Hampstead Heath_credit Dudley Miles

‘Burials are more sustainable than cremations, using vastly less energy’

• DAVID Yaffe’s letter (We must resist the privatisation of public spaces by local authorities and English Heritage, July 11) stirs up passion in all residents who value their green amenities.

We pay our taxes, in some cases, concerned residents donate lands for the benefit of the public, and we expect to enjoy our open spaces without restrictions or disturbance from invasive commercial activities.

In our neighbourhood the Friends of Talacre Gardens had to fight tooth and nail to prevent a developer from building a road across our park hence ruining it forever. After a three-year battle, Talacre was finally designated in 2010 as a Town Green.

There is constant battle with Camden over their wanting to use the park for private events, which the Friends of the 10,000 sq m Talacre Town Green generally resist.

The park is the only green open space in Haverstock ward for its 11,000 or so residents. Many of them live in crowded social housing and having no garden of their own.

Nevertheless, we are aware of the cost of running a park which is so extensively used. Recently we were approached to help with watering newly-planted trees. Twice a week volunteers water the 13 trees and some dozen fruit trees. But that is only a small saving.

We came up with a solution that has not been taken up by Camden Council and/or the parks department despite the press giving it plenty of coverage and thumbs up.

This solution would be less disruptive than hiring the land to private concerns and, on the whole, quiet, very quiet – it would entail headstone-free burials.

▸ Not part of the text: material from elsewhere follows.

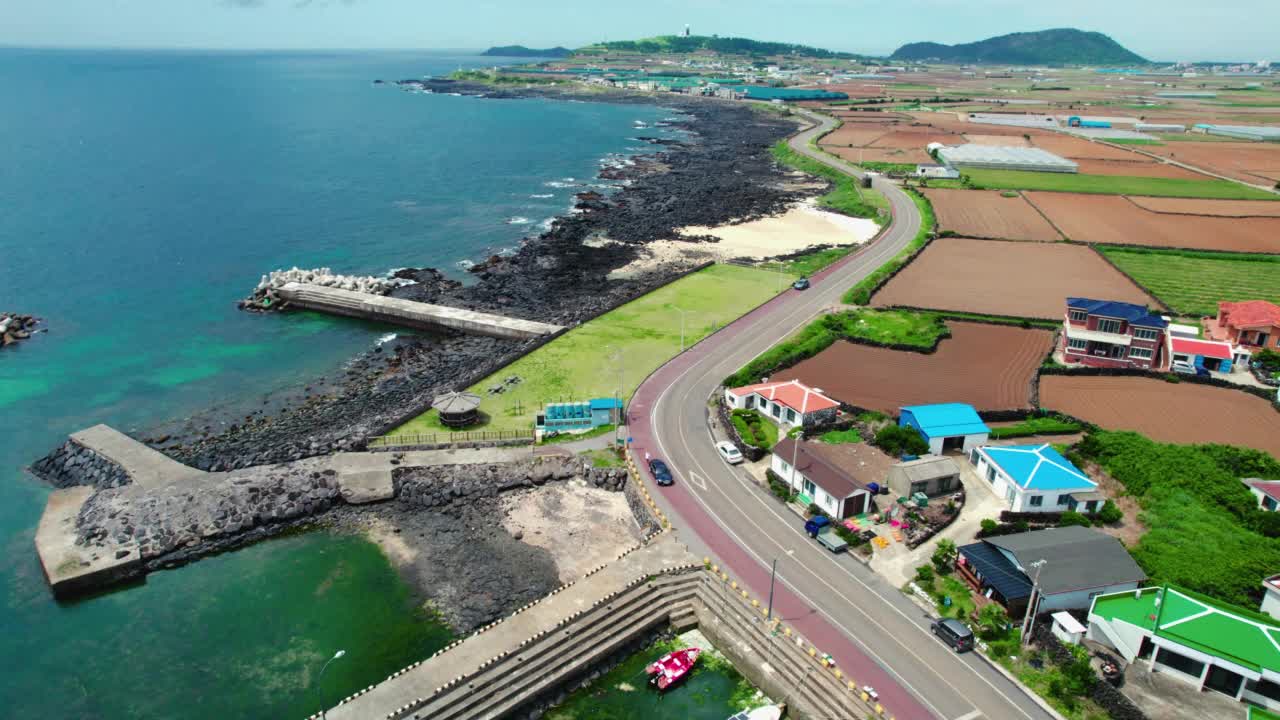 ▽自然风光=韩国济州岛西归浦市一瓜里海岸公路和大海视频素材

Burials are more sustainable than cremations, using vastly less energy. A cremation uses as much fossil fuel as is needed to annually heat a detached family home.

Since many parks in London were once graveyards, we felt that residents should be allowed to purchase plots in their local park where they and their pets could be buried.

With the shortage of burial land in the city, that could be a huge earner for our park – on the understanding that there would not be gravestones.

Memorial park benches or new trees could be contributed, which would add to the beauty and needs of the community.

Our main concern would be that the money earned from such an endeavour be ring-fenced for the maint­enance and improvement of our park exclusively. Perhaps there should be an entity composed of residents and park officials to determine where the money is spent.

Already, after residents suffered the extraordinary disruption of the Dalby Street development, we saw our very substantial “section 106 money” (the term used for planning gain) paid by the developer, disappear. We now have to fight for every bit of improvement funds, which grates.

Our parks are not luxuries, they are a necessity for the physical and mental welfare of our residents. They must be protected at all costs.